A few months ago, I had to make six cheesecakes for a client. At first, it all seemed daunting but you know what I realized that this was going to be amazing practice.
You can basically say I’m a cheesecake master at this point.
Making cheesecakes just comes so easy to me now!
But here’s the thing, I could make regular cheesecake, sure, but why keep things basic, ya know?
Instead, I could make small batch cheesecake like this one or cheesecake bars like these!
If you’re scared of making cheesecake, allow me to share some of my tips.
– Make sure all your ingredients are room temp. Perfectly smooth cheesecakes require room temperature ingredients. Similarly, you want to bring the cheesecake bars to room temperature after cooling and before serving.
– Make sure to grease the pan well so you can easily transfer the cheesecake to a plate.
– To avoid those dreaded cracks, use a tablespoon of cornstarch in your cheesecake batter. It firms up the batter giving it less of a chance to form cracks.
– Another way to avoid cracks, baking the cheesecake in a water bath. It creates steam and keeps the cheesecake from drying out in the oven. Also, don’t over mix, over bake, or cool too fast. If you over mix, you will let air into the batter. If you over bake or cool too fast, cracks may form too.
– Don’t open the oven while the cheesecakes are in the oven. Cheesecakes need steam to bake properly so if you open the oven, guess what escapes the oven? Steam! So hold that urge to open the oven to see how things are going. (don’t worry I have that habit too)
– Don’t stick a toothpick in the middle to see if it’s done. A cheesecake is done when the outer rim looks set but the middle jiggles when you gently shake the pan. It will continue to cook from the residual heat while it cools on the counter and in the fridge.
Bottom line: Making cheesecake requires patience but it will be worth the wait!
Ok so! With alllll that said, let’s make coquito cheesecake bars, shall we?
In case you don’t know, coquito (ko-key-toe) is puerto rican eggnog. It’s creamy, tastes like coconut, cinnamon, booze, and WAY better than eggnog.
Basically, they are similar but coquito is not as thick as eggnog because of all the booze in it. Latin people, ya know, we just love to party. ;)
So guess what these cheesecake bars tastes like!?! That’s right – HEAVEN.
I used the same flavors we all know and love about coquito and threw them all in here!
Now to make cheesecake bars, you don’t need a springform pan since we bake these in a square pan. So no water bath needed BUT still resist the urge to open the oven while it’s baking. K?

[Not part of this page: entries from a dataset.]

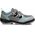 Elten Moteriski sandalai ELTEN Mila Easy ESD S1 SRC, pilki 39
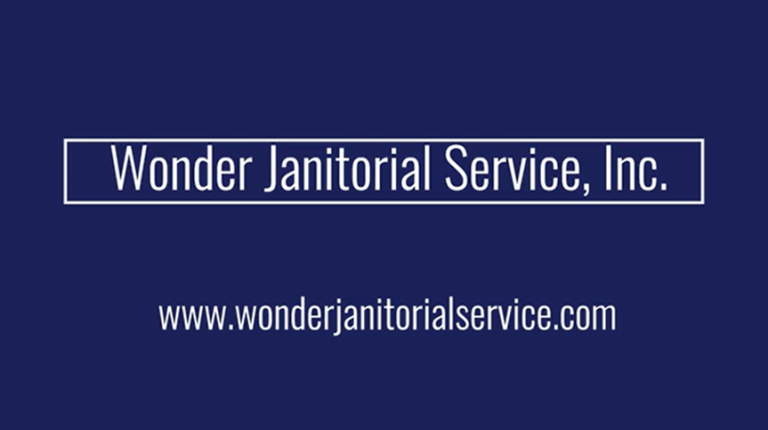 High-Quality Janitorial Supplies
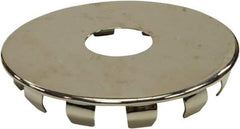 Acorn Engineering - Wash Fountain Plug Button - For Use with Acorn Washfountains - Industrial Tool & Supply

Also, make sure to cool THEN place in the fridge for a few hours for perfect coquito cheesecake bars.
That’s all folks! I hope you make these and absolutely LOVE them!
- 24 full-sheet graham crackers crushed
- 6 tablespoons butter melted
- 1 tablespoon sugar
- 2 packages cream cheese (16 ounces) room temperature
- 3/4 cup full fat coconut milk
- 1/2 tablespoon cornstarch
- 1/2 cup granulated sugar
- 2 large eggs room temperature
- 1 tablespoon spiced rum
- 1 teaspoon pure vanilla extract
- 1 teaspoon cinnamon
- 1/2 teaspoon nutmeg
- Ground cinnamon
- Shredded coconut toasted
- Preheat oven to 350 degrees F. Line a 8x8 square pan with parchment paper and grease the pan with cooking spray. Set aside.
- In a bowl, mix graham crackers, butter, and sugar together. Pour crust mixture into the pan and press down using the bottom of a cup. Set aside.
In a stand mixer, mix together cream cheese, coconut milk, cornstarch and sugar until smooth. Add eggs, rum, vanilla, cinnamon, nutmeg and mix, while scraping down the sides, until all is well combined.
Pour the cheesecake filling on top of graham cracker crust and smooth evenly. Bake for 25-30 minutes. The cheesecake is done when the outer rim looks set but the middle jiggles when you gently shake the pan. Remove from oven, cool completely then refrigerate the cheesecake for 2-3 hours.
Remove the chilled cheesecake from the pan. Top with cinnamon and shredded toasted coconut. Cut into squares and enjoy!